> **Prompt**
The expected response is the full listing, retyped exactly, without its images.

> **Data in this exercise**
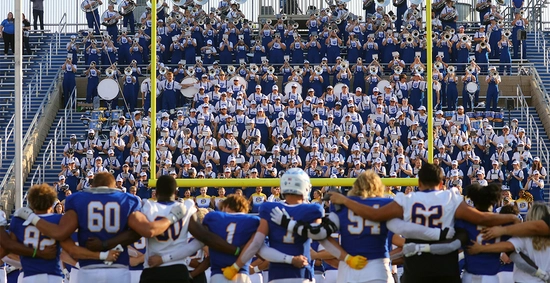 SDSU Football team stands next to one another singing school song after a game, with The Pride of the Dakotas in the background playing.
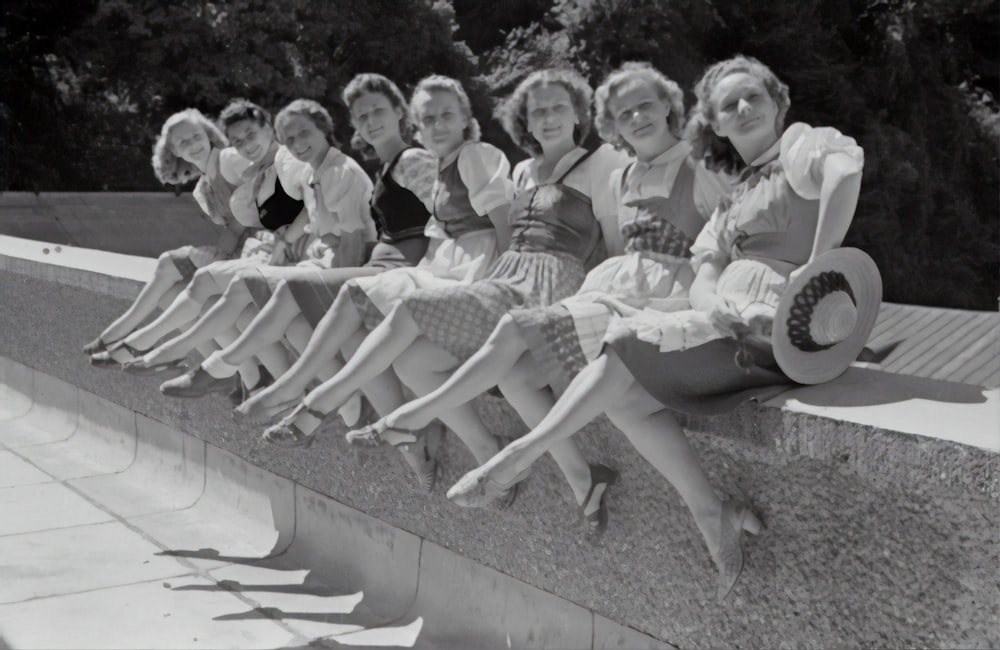 grayscale photo of group of women sitting on concrete bench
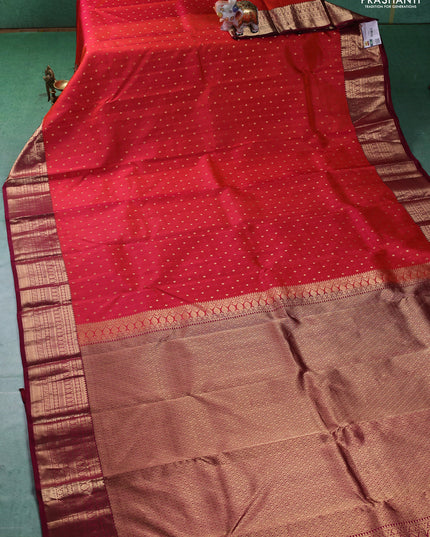 Pure kanchipuram silk saree pinish orange and dark magenta with zari woven buttas and zari woven border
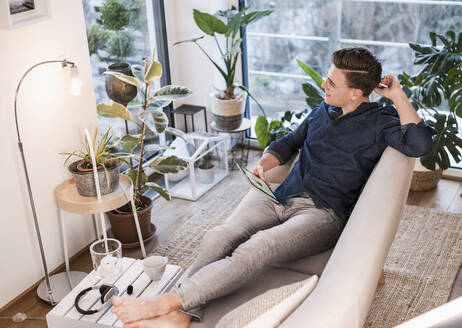 Junger Mann mit digitalem Tablet, der wegschaut, während er auf dem Sofa im Wohnzimmer sitzt - UUF22762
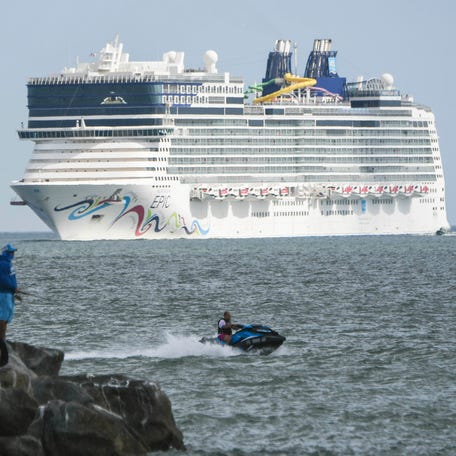 Hundreds watch as the Norwegian Epic cruise ship returns to Port Canaveral in 2019.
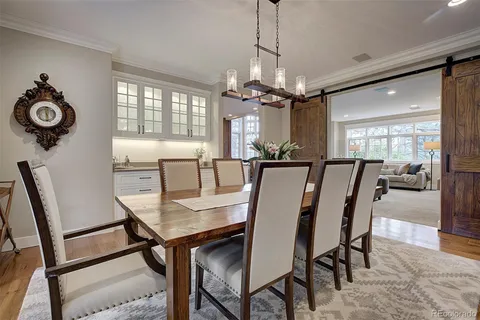 a view of a dining room with furniture window and chandelier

> **Response to this exercise**
 SDSU Football team stands next to one another singing school song after a game, with The Pride of the Dakotas in the background playing.
 grayscale photo of group of women sitting on concrete bench
 Pure kanchipuram silk saree pinish orange and dark magenta with zari woven buttas and zari woven border
 Junger Mann mit digitalem Tablet, der wegschaut, während er auf dem Sofa im Wohnzimmer sitzt - UUF22762
 Hundreds watch as the Norwegian Epic cruise ship returns to Port Canaveral in 2019.
 a view of a dining room with furniture window and chandelier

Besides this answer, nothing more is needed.